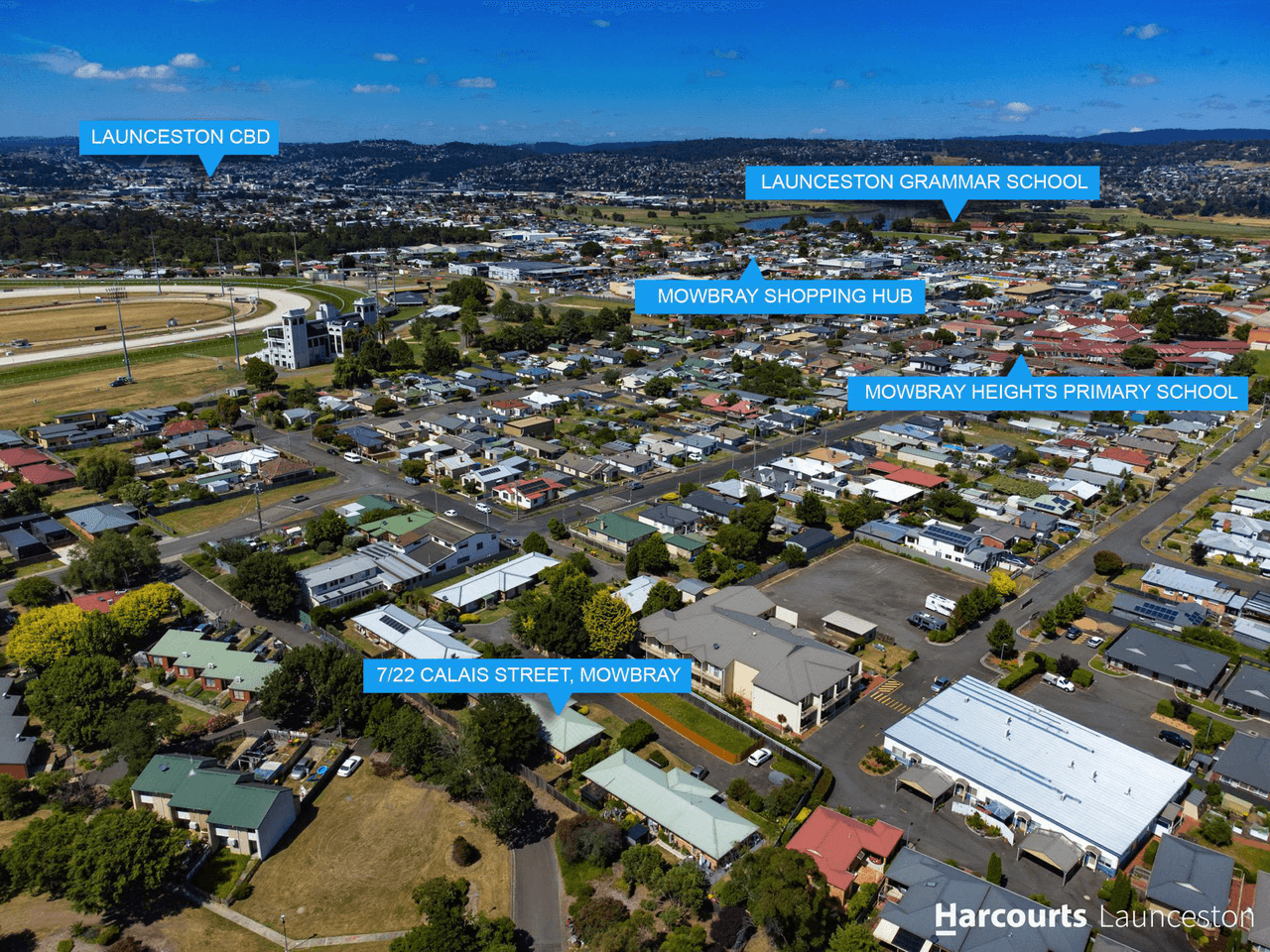 7/22 Calais Street, MOWBRAY, TAS 7248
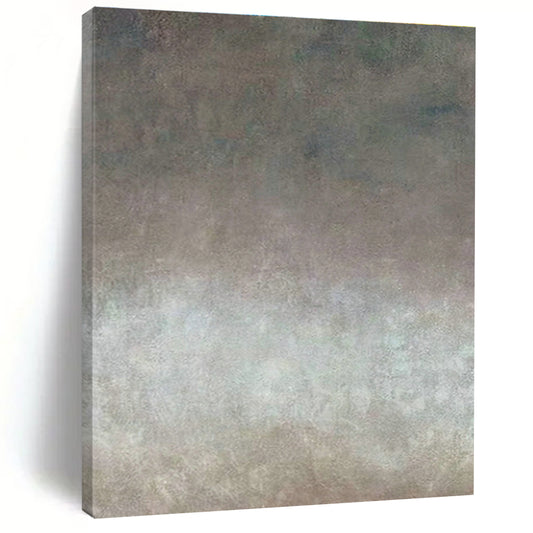 Gradient Neutral Abstract for Scandinavian - Style Yoga Studio & Minimalist Dining Room DLZ0885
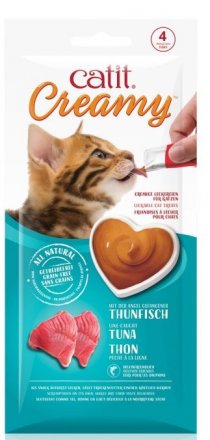Catit | Creamy | Przysmaki dla kotów
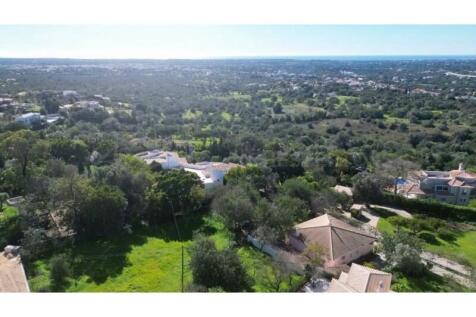 Almancil 623m2 Building Plot With Approved Pre Project With Sea View For Sale (3)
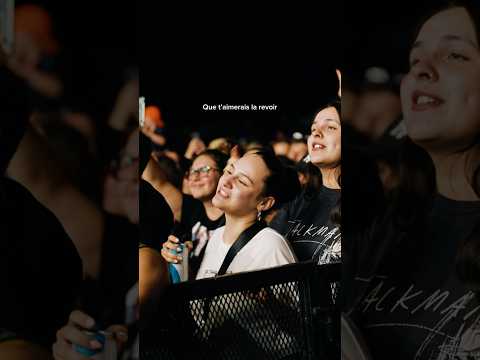 Qui La Chante Comme ça En Concert Fredz Rappelersonex 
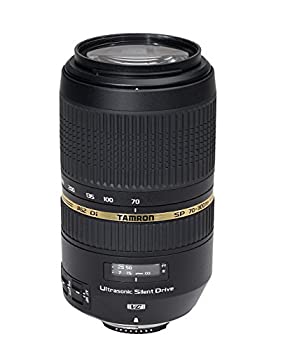 【中古】（非常に良い）TAMRON 望遠ズームレンズ SP 70-300mm F4-5.6 Di VC USD ニコン用 フルサイズ対応 A005N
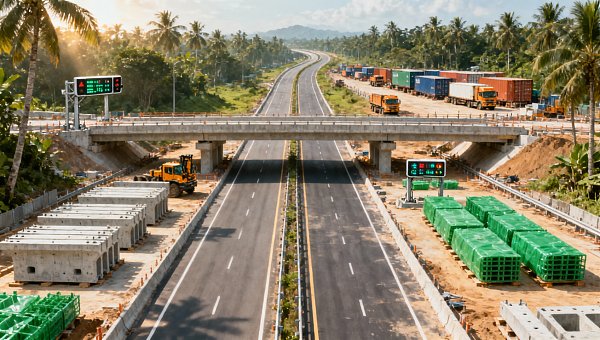 Vietnam PPP Roads to Favor Local Supply Chains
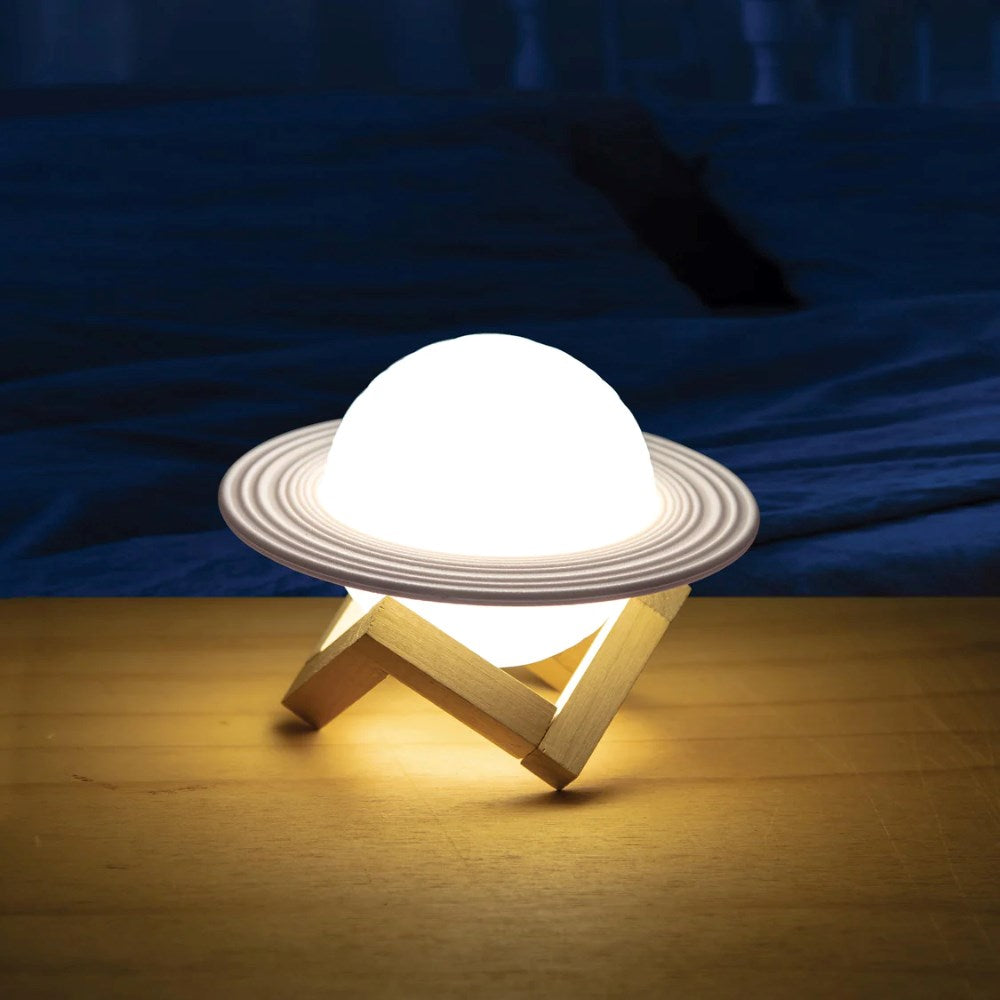 Lamp | Saturn Planet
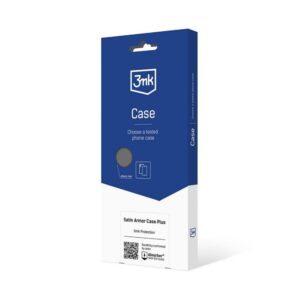 Back panel cover 3MK  3mk Satin Armor Case+ case for Samsung Galaxy A05s 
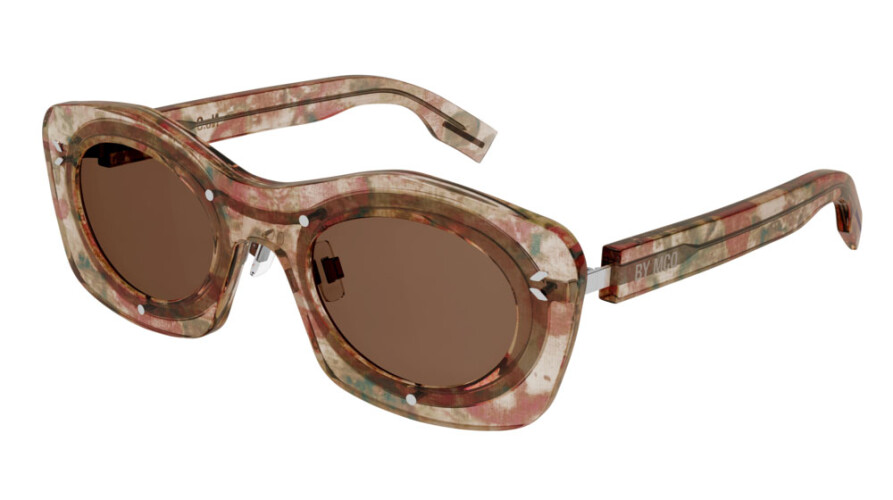 Sunglasses Man Woman McQ Icons MQ0358S-003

═══

## WORK REQUEST:
Using the entries above, transcribe exactly from the line that has "Qui La Chante" through the line that has "Back panel cover". Pictures are dropped.

## REPLY TO THE TASK:
 Qui La Chante Comme ça En Concert Fredz Rappelersonex 
 【中古】（非常に良い）TAMRON 望遠ズームレンズ SP 70-300mm F4-5.6 Di VC USD ニコン用 フルサイズ対応 A005N
 Vietnam PPP Roads to Favor Local Supply Chains
 Lamp | Saturn Planet
 Back panel cover 3MK  3mk Satin Armor Case+ case for Samsung Galaxy A05s 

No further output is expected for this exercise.